Practice: 1, soak the rice for one or two hours before steaming, and the steamed rice is moderate in hardness. 2. Wait until the rice temperature is slightly lower than the hand temperature, and then spread it on seaweed. 3. The process of laying rice should be completed as soon as possible, otherwise the laver will become soft and unable to form because of excessive water absorption. 4. When wrapping, the rice should not be exposed, and the tightness should be moderate. 5. In the process of making sushi, you can put a pot of water around you, and it will not stick to your hands at any time. 6. Spread the laver flat on the unfolded bamboo curtain, hold the rice in your hand and knead it, quickly spread the rice evenly on the laver (the thickness of the rice is about 0.5cm), press the porcelain, and hollow out the upper part of the laver about 2cm. Then put the cooked crab meat, Japanese radish kimchi, asparagus and salmon strips in the center of the rice. 7. Wrap the laver and rice with a bamboo curtain, and then remove the bamboo curtain. 8. Cut the rolled sushi into sections and plate it. Porphyra kimbap material: 200g of rice (steamed) and 50g of dried laver.

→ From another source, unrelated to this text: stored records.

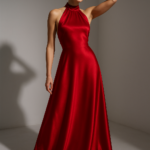 Flamme Rouge Halter Gown in Crimson Silk view 8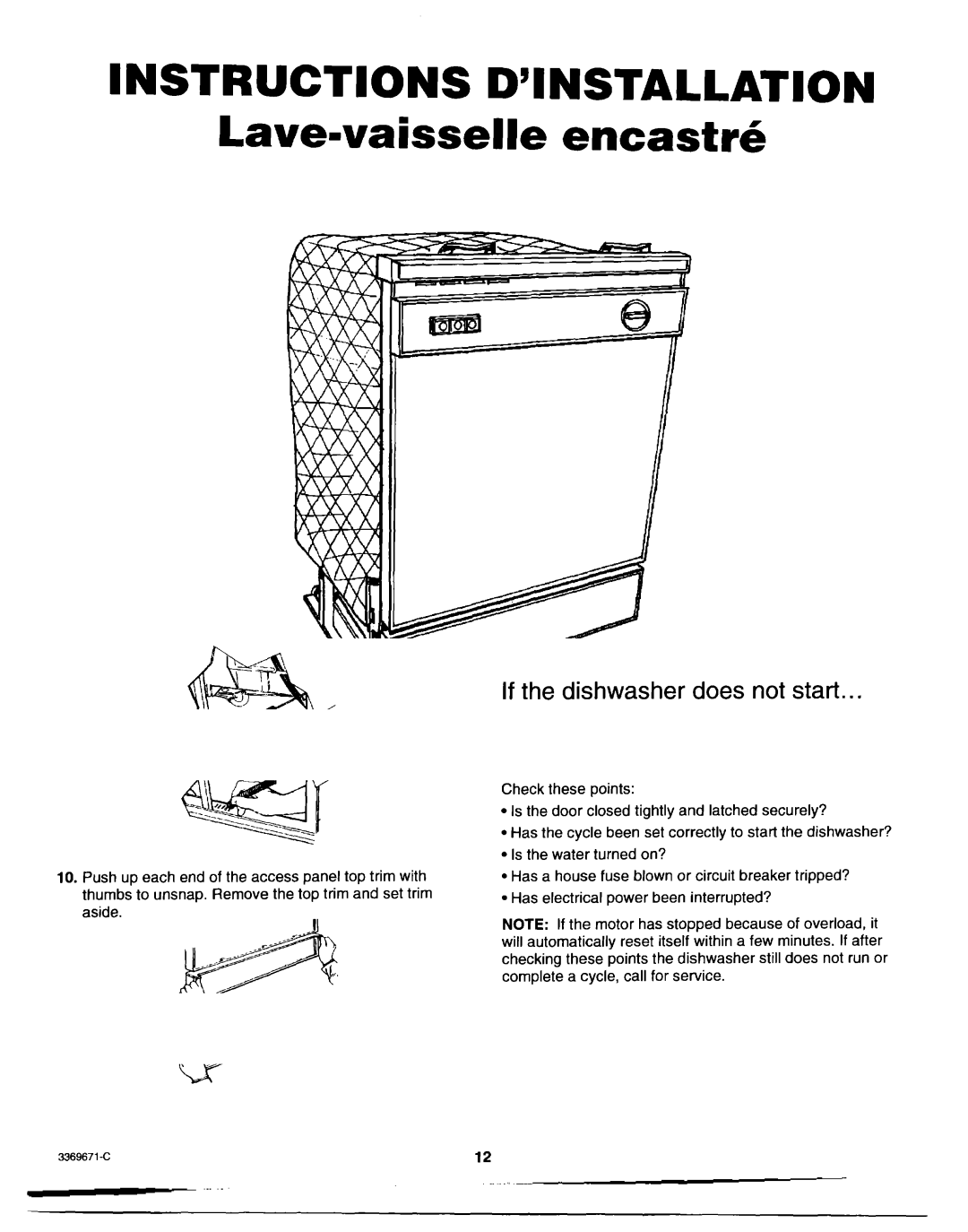 Whirlpool Dishwasher installation instructions Instructions D’INSTALLATION 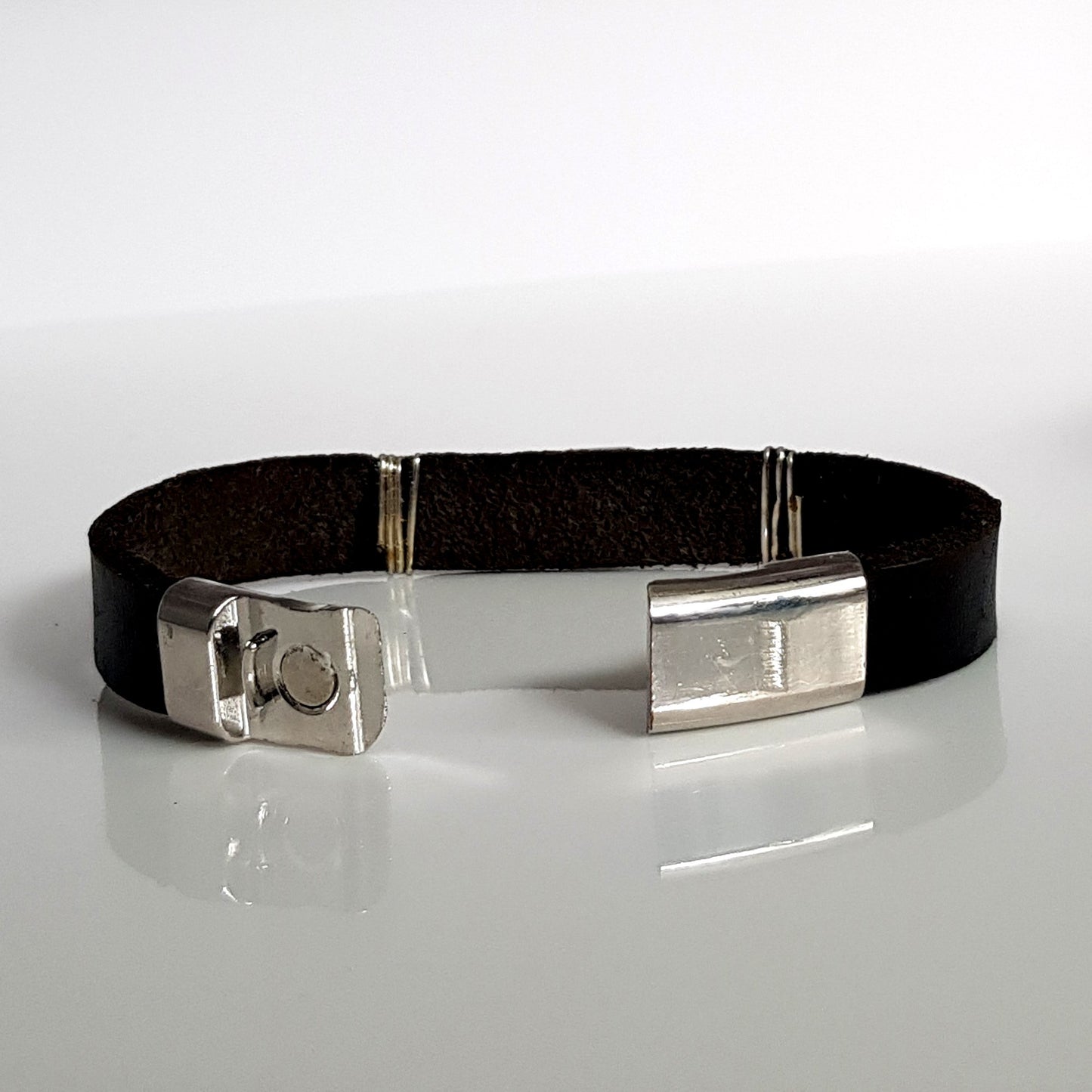 Black Leather Band with Haematite wrapped Mens Bracelet | KJ-287B | Unisex Jewellery - Kalitheo Jewellery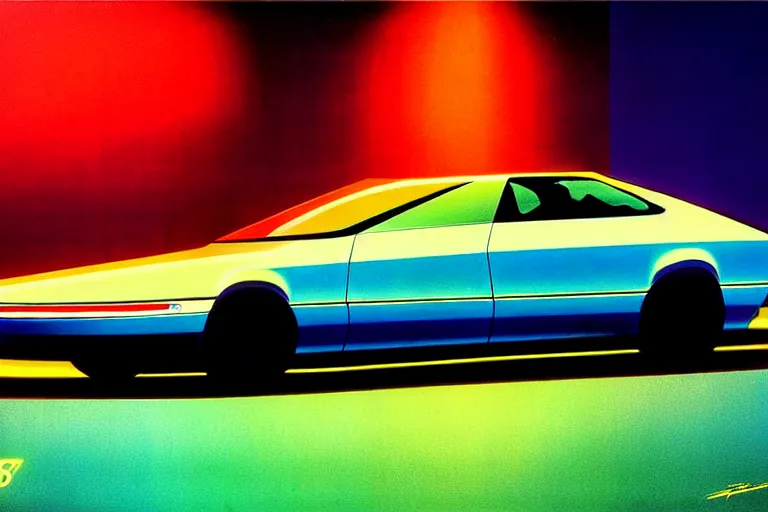 Image similar to designed by syd mead stylized poster of a single toyota soarer concept, thick neon lights, ektachrome photograph, volumetric lighting, f 8 aperture, cinematic eastman 5 3 8 4 film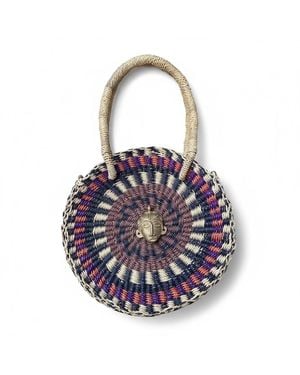 Sokona Esengo Round Handwoven Bag Earth Multicolor - Blue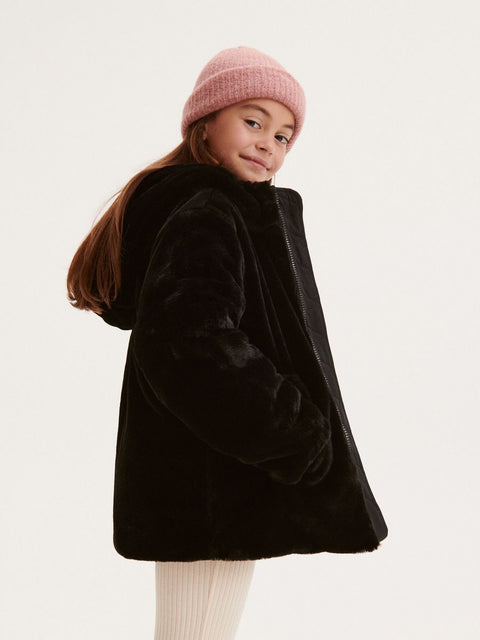 Reserved Girl's Black Fur Jacket | Reserved In Lebanon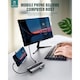 Хъб адаптер Multiport 13 в 1 DAMAIU, HDMI 4K, VGA, LAN RJ45 Ethernet, USB 3.0, USB 2.0, Type C Data Port, PD Port 100W, TF SD Card Reader, Jack Audio, Multi Screen mode, Docking Station for Laptop, MacBook Air/Pro, Chromebook, таблет, смартфон, сив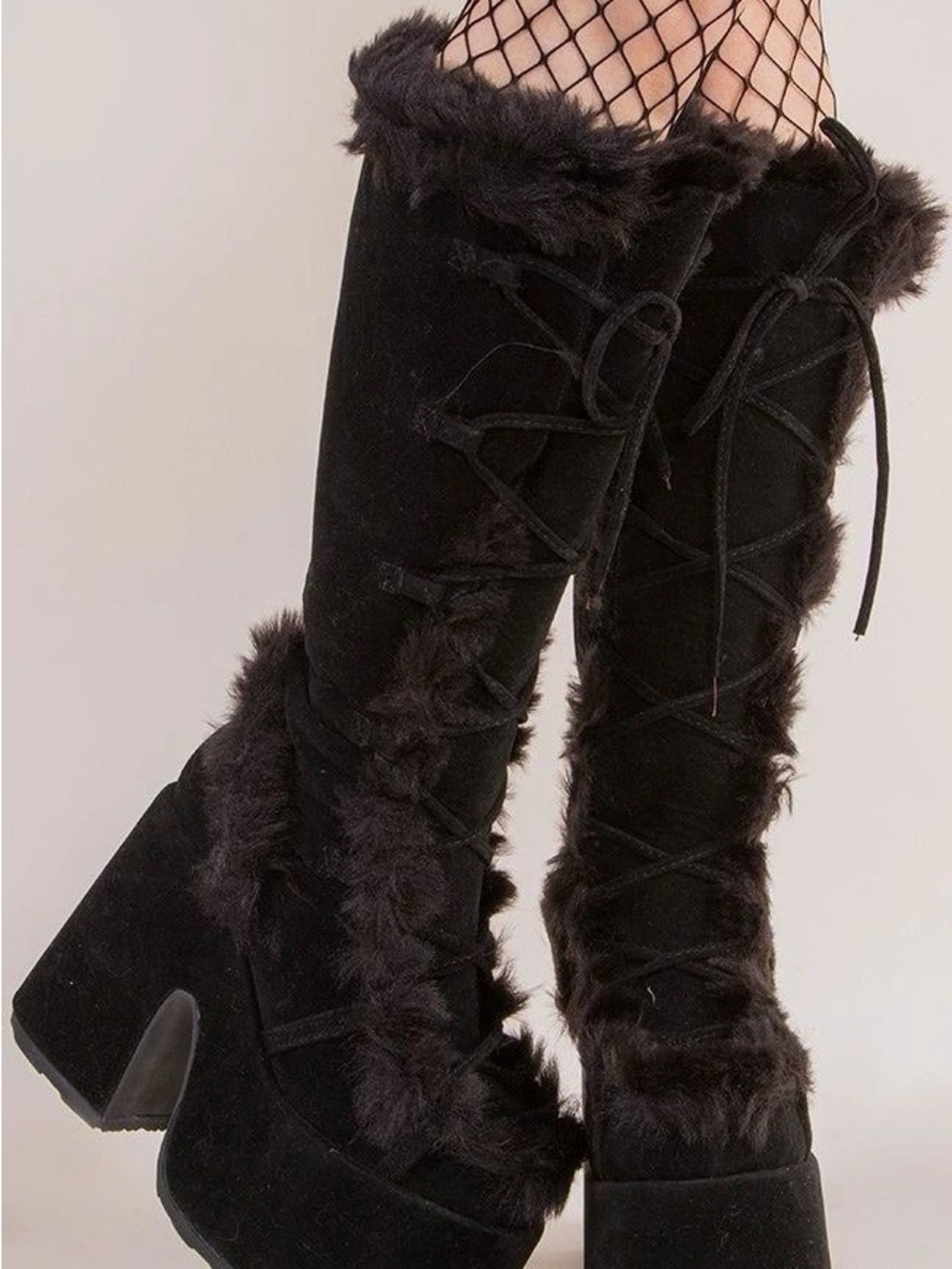 Demonia Camel 311 Black Fur Boots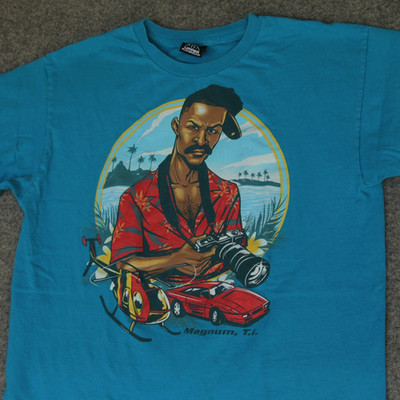 T.I. Rap T Shirt M Teal Magnum P.I. Ti Rapper Parody Upper Playground SF Art Tee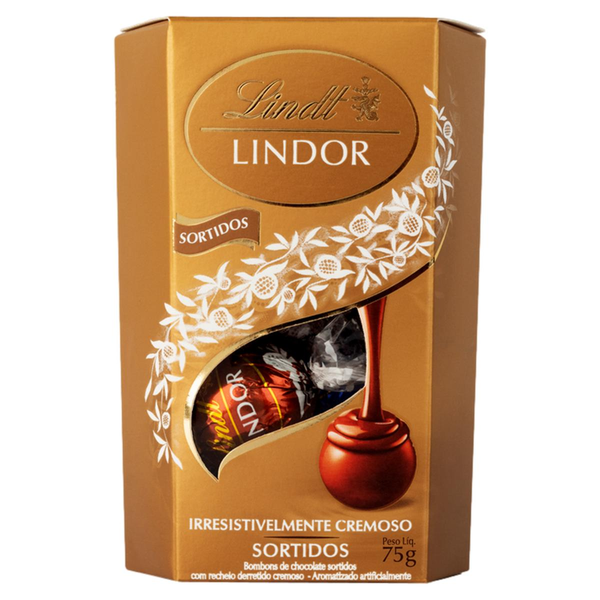 Caixa de Bombons Chocolate Lindt Lindor Sortidos 75g Com 6 unidades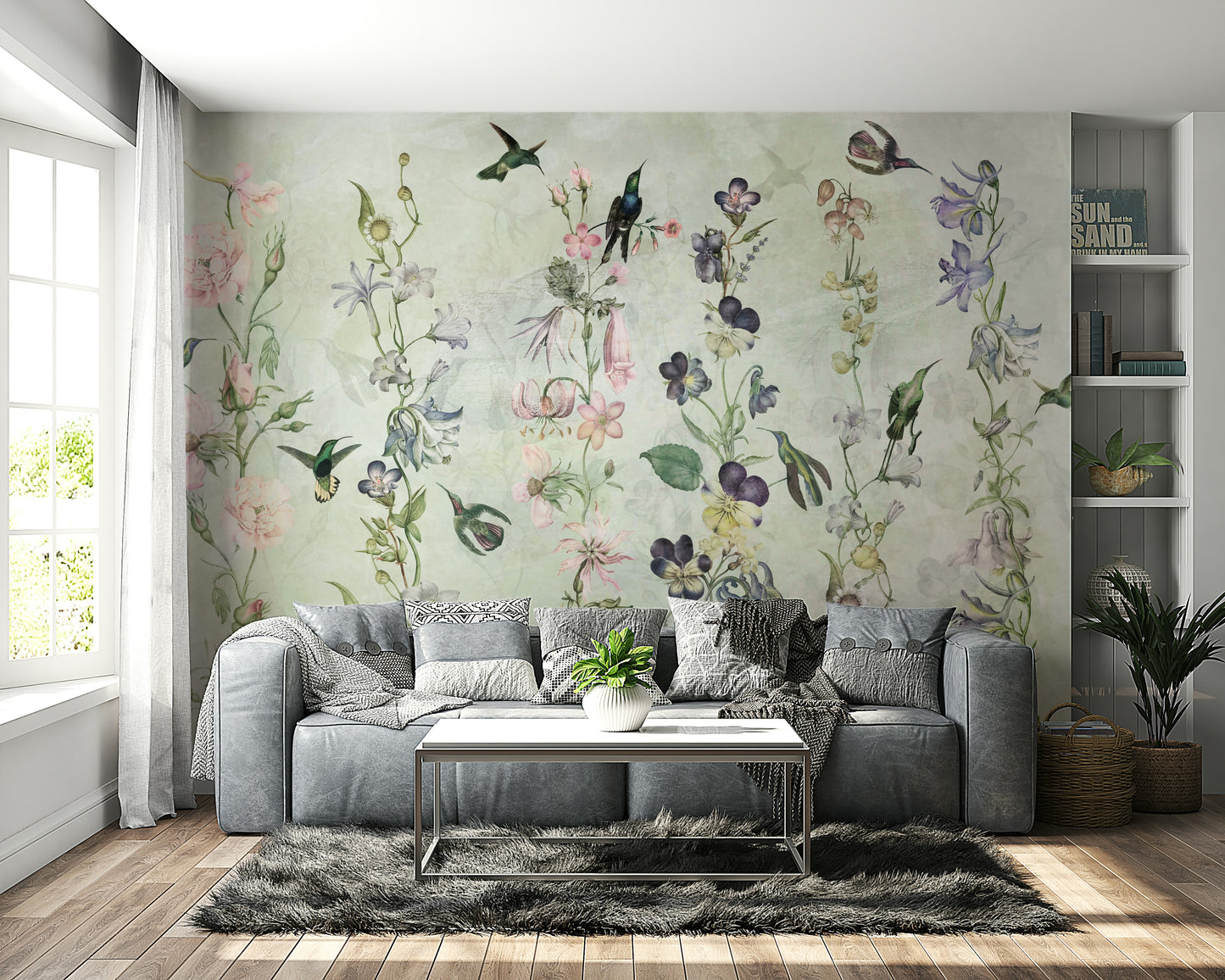 Living room botanical wallpaper

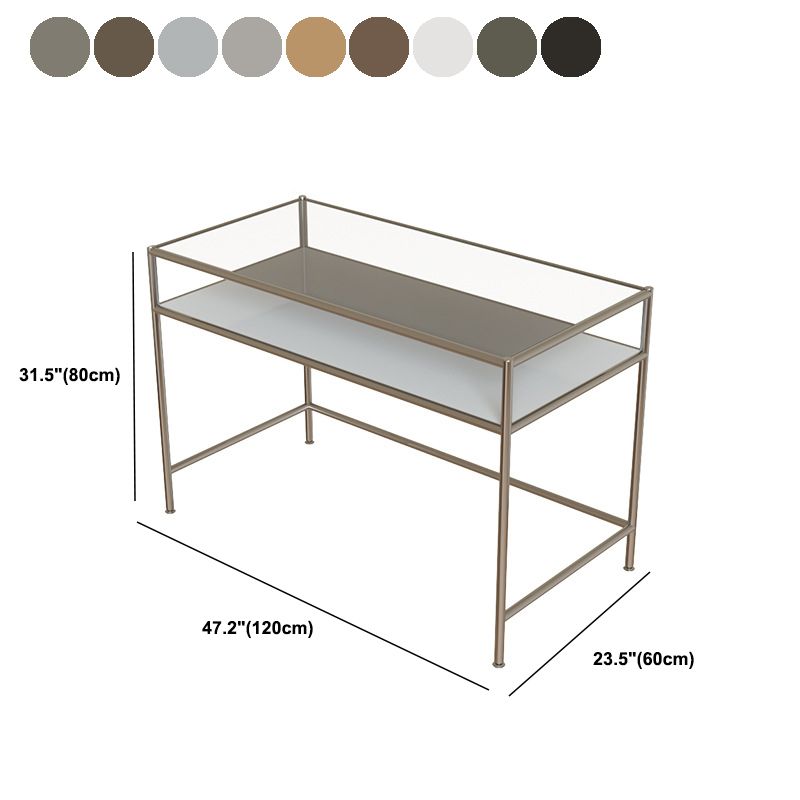 Contemporary Glass Writing Desk Rectangular Office Desk with Shelf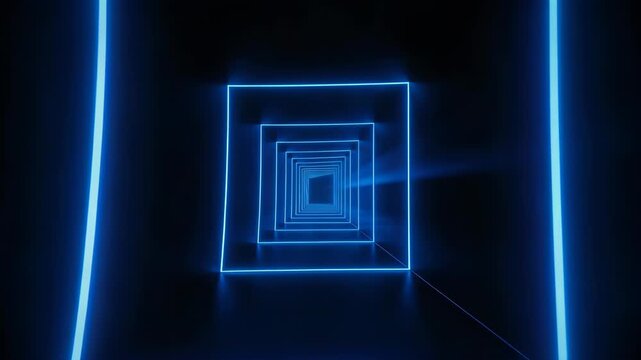 Blue neon geometric tunnel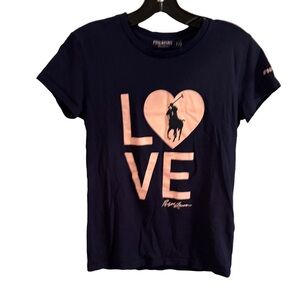 Pink Pony Ralph Lauren LOVE Tee Shirt Cotton Navy & Pink Size SP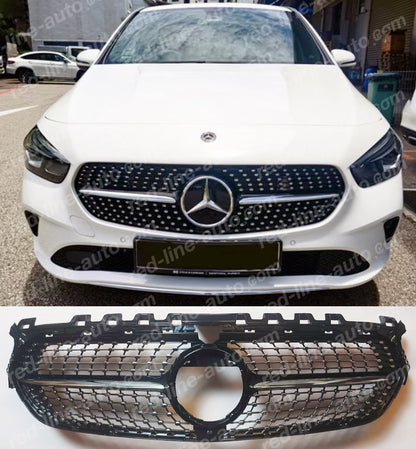 Pre-facelift Mercedes W247 B-Class Hatchback MPV Non-AMG Sport Grille, Black Chrome Diamond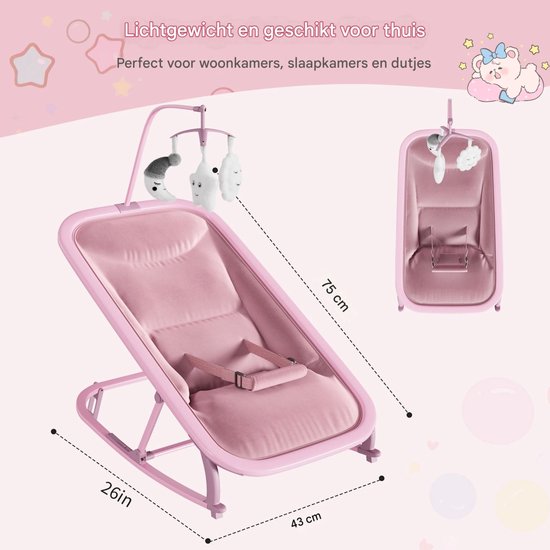 2-in-1 Babywipstoel - Verstelbaar met 3 Ligstanden en Schommelfunctie - Beige — afbeelding 2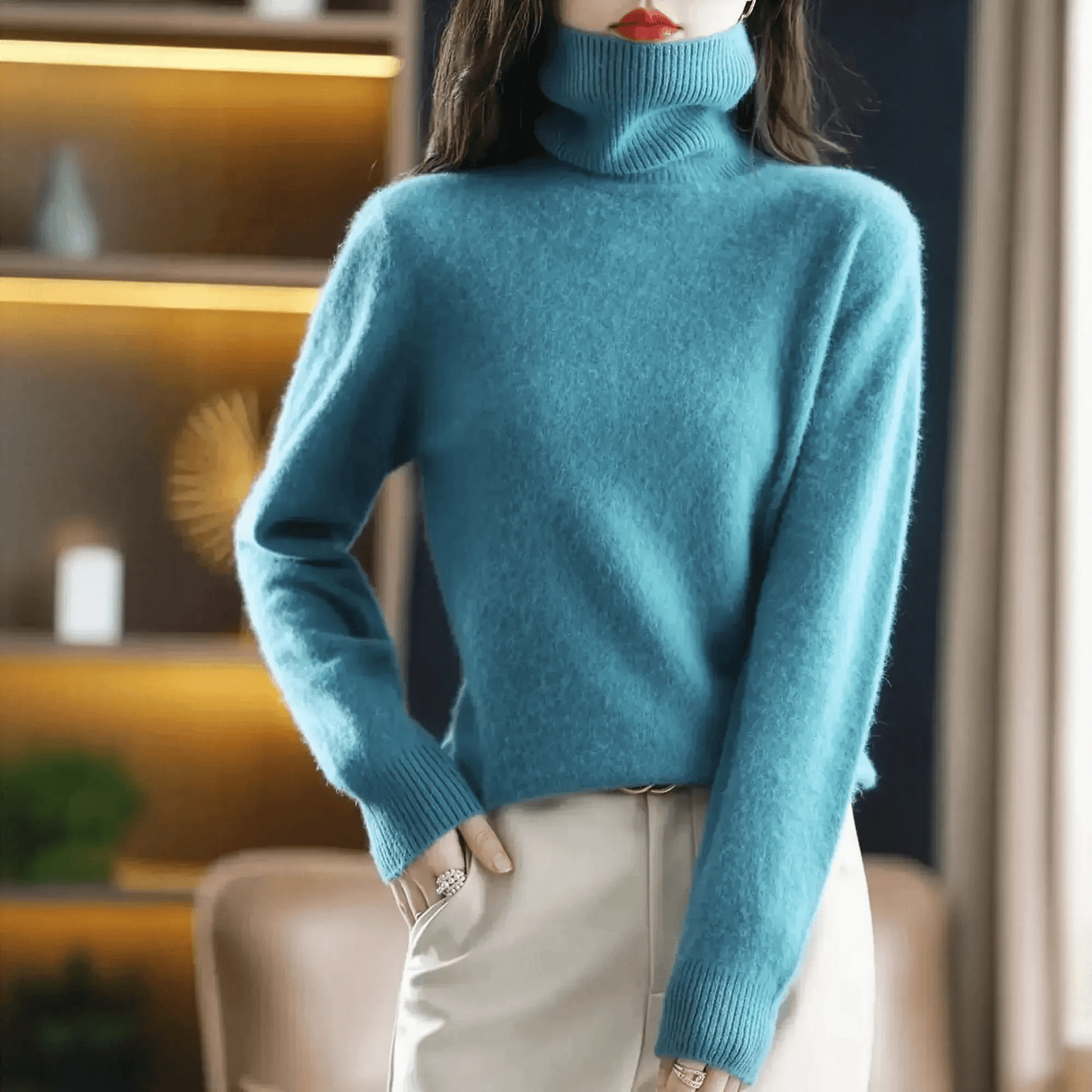 Pull Col Roulé Cachemire Visón - Saylana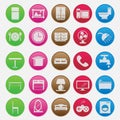 Furniture icon set gradient style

Egg 150g carrot 100g ham sausage 100g spinach 100g pork floss 50g practice: 1. First, put salt, white sesame seeds and sesame oil into warm rice, stir them evenly by hand and set aside to dry;
2. After the eggs are scattered, add a little salt to taste, fry them into egg skins and cut them into strips;
3. Cut the ham and carrot into long strips, put them in a hot oil pan, fry until they are soft, and take them out for later use;
4. Take out two pieces of laver, spread it out, pour rice on it, spread it out by hand, and cover every corner of three quarters of laver;
5. Then put egg strips, carrot strips, ham strips, spinach, pork floss, etc. Once;
6. Roll up the purple cabbage, and be sure to roll it tightly;
7. Finally, cut the rolled kimbap into small pieces of 1.5cm with a knife.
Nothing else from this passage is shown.